The provision of financial services has become increasingly politicized. Banks like JPMorgan Chase and Citigroup have refused financial services to firms and industries they disfavor. While this practice may not raise concerns under ordinary circumstances, banks are not like most other businesses but exist and operate within a “regime of privilege.” In other words, they may be using what amounts to public power to attempt to impose their own private preferences on the market.

Brian Knight and Trace Mitchell consider whether this public power, granted to banks to facilitate lawful commerce, is being misused when banks try to regulate downstream markets by withholding their services. In “Private Policies and Public Power: When Banks Act as Regulators within a Regime of Privilege,” they discuss how policymakers might address this behavior.

Why Banks are Privileged in the Financial Services Marketplace

  • Barriers to entry. The need to obtain a bank charter and Federal Deposit Insurance Corporation insurance serves as a barrier to entry that limits competition. It provides a competitive advantage to those firms that have received a charter and insurance at the expense of those that have not.

  • Government-granted advantages over nonbank competitors. Banks receive advantages over their nonbank competitors in the areas of lending and money transmission. In addition, they receive considerable benefits through the government’s issuance of deposit insurance and their provision of the different payments systems.

  • Explicit bailouts and implicit subsidies. These guarantees can provide significant value to banks. They protect banks from insolvency and allow them to attract investment on more favorable terms than they would receive without those protections.

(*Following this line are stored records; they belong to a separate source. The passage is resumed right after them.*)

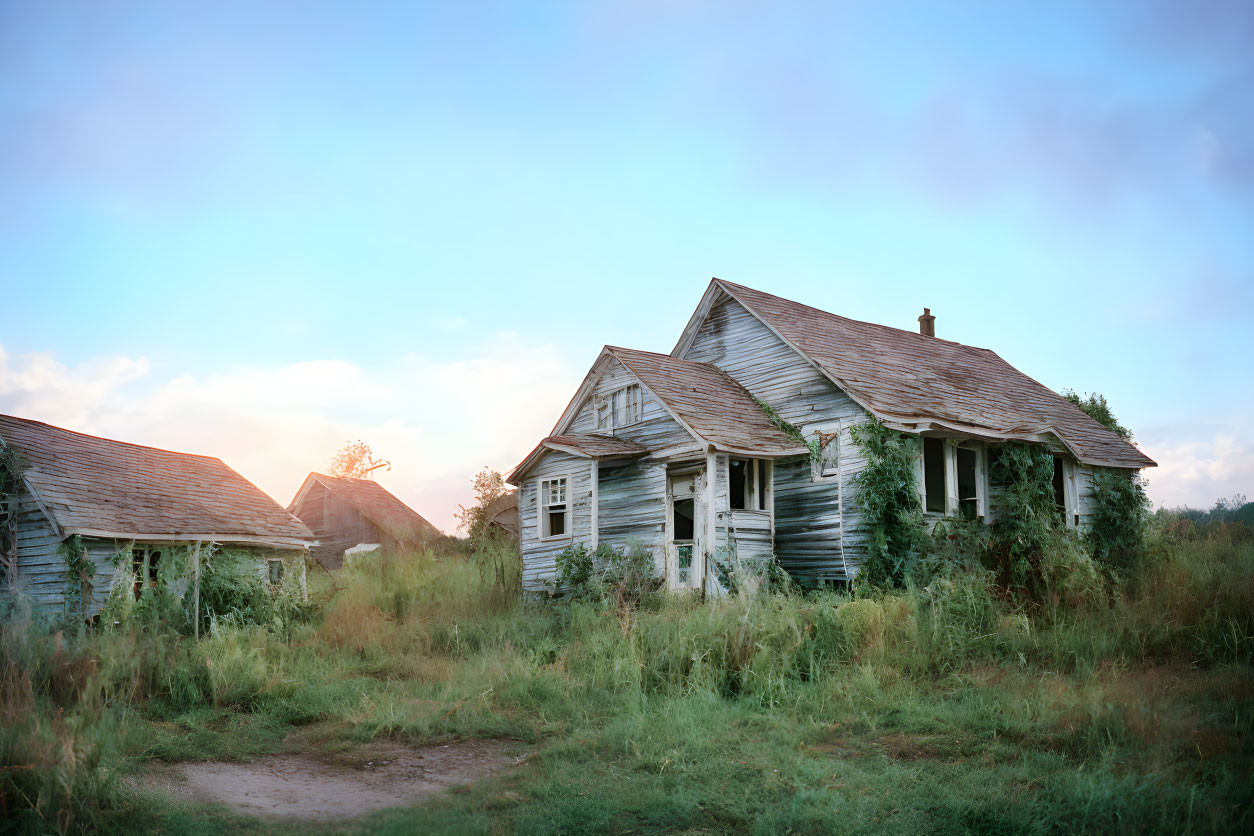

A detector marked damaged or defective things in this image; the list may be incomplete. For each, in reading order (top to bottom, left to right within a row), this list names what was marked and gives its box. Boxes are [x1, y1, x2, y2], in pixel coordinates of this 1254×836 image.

broken window [594, 386, 642, 431]
broken window [539, 481, 569, 538]
broken window [732, 458, 767, 511]
broken window [922, 438, 943, 511]
broken window [958, 448, 978, 518]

Why it May Be Inappropriate for Banks to Act As de facto Regulators

Banks frequently enjoy protection from competition and from the full burden of their risk-taking. When a bank’s actions are inconsistent with how its government-granted advantages are justified, that inconsistency calls into question whether the public is actually obtaining the benefit of the bargain it struck with banks—and whether banks should continue to enjoy those advantages.

None of the justifications for banks’ privileges stem from a desire to bestow on them the ability to act as de facto regulators. In fact, many of the justifications are directly undermined by a bank’s decision to act as a de facto regulator, when it seeks to use its power to influence others to adopt its preferred policies by threating to cut off access to services.

Three Ways to Address Banks Acting As de facto Regulators

  • Remove, or at least minimize, the government-granted privilege enjoyed by banks. This would address the very source of the problem, while preserving banks’ freedom of association. However, it may not be politically feasible.

  • Prohibit de facto regulatory efforts, but allow banks to use private alternatives. This would prevent banks from misusing government-granted benefits while allowing them to pursue private alternatives if they still wanted to engage in de facto regulatory behavior.

  • Condition becoming a bank, or providing bank services, on a forswearing of de facto regulation. This would be the most aggressive approach and would do the most harm to freedom of association, but it would also be the most direct solution.